The aim of the study was to evaluate the feasibility of increasing oil production as well as the recovery factor by using EOR technology. In order to determine which EOR technologies would be suitable for the case study, a pre-screening methodology using average properties based on a Pass/No Pass gate was used.
The reservoir used in this pilot study was a turbidite at a depth of 2300 m, 54°C, with a pressure of 2650 psi, with very high salinity production water (60000 - 70000ppm NaCl, 300 – 1500 ppm Ca++, 200 – 750 ppm Mg++). The crude oil shows 16° to 22° API gravity, with viscosity between 7 and 22 cP at reservoir conditions and water table between 800 and 1500m. Figure 2 shows the EOR pre-screening results and technologies that may be applied including EOR chemical processes and gas injection.

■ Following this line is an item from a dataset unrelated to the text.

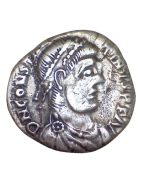 Constantin III (407-411)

Figure 2. EOR case study pre-screening results.
Water and chemical core flood experiments have been conducted using core plugs and oil samples from the field to assess the feasibility of increasing the RF. Core plug samples have air permeability ranging from 2123 to 3434 mD with a porosity between 29.0% and 35.1%. All selected core samples were prepared by restoring them to their native wettability condition in the reservoir.

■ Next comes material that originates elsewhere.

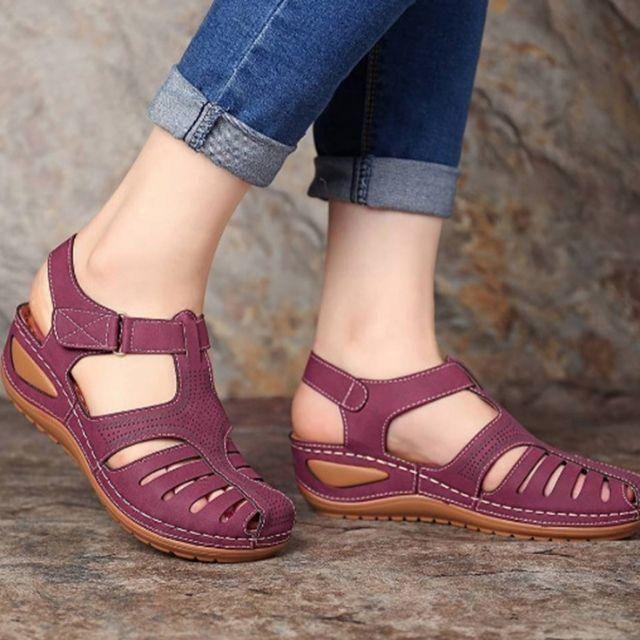 Comforta™ - orthopedische sandalen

Experimental core flooding at our field condition indicated that Polymer (P), Cross Linked Polymer (CLP) and low salinity water (LSW) have demonstrated their technical feasibility as potential chemical EOR methods. LSW in particular has shown a very relevant result as it has increased oil recovery by more than 15.5% when compared to the brine injection. In addition, with 4PV of polymer (1000 ppm and 2000 ppm), oil recovery has been increased by 14.5%. CLP incremental oil recovery was 8.8% but with only 1PV CLP slug (600 ppm), resulting in a more effective chemical than the conventional polymer. CLP in brine followed by LSW recovery has been 18.7%. LSW followed by polymer shows an incremental recovery of 27.3%, which is much higher than the conventional polymer and brine.
This study showed that selected surfactants were able to reduce the interfacial tension, but the additional recovery was marginal when compared with the cost of the chemical. CLP and conventional polymer present a promising performance in mobility control under reservoir conditions. Moreover, synergy effects were observed for LSW-Polymer and LSW-CLP, but additional research is needed in order to optimize these phenomena. The experiments conducted obtained key results that were used to improve the modeling and support the scale-up from the lab to the field.
Figures 3 & 4 show the structure of the dynamic model (25875 blocks) of the pilot selected area and the summary of the chemical EOR simulation results. The incremental oil recovery factor of the pilot area has been 7.4% for LSW, 6.0% for CLP, 5.4% for P and 6.9% for SP for the pilot area. The cost of chemicals per incremental barrel shows the lower value with US$2.0/bbl for CLP, US$3.5/bbl for P and US$6.5/bbl for SP. No chemicals have been injected with the LSW, but limitation of this process for an offshore facility is the availability of space in the platform to install the required equipment to desalt the sea water.
Figure 3 Structural model of the pilot area.
Figure 4. Chemical EOR simulation results.
Those results indicate the potential value to apply Chemical EOR on offshore reservoirs considering the operation conditions and the space limitations on platforms.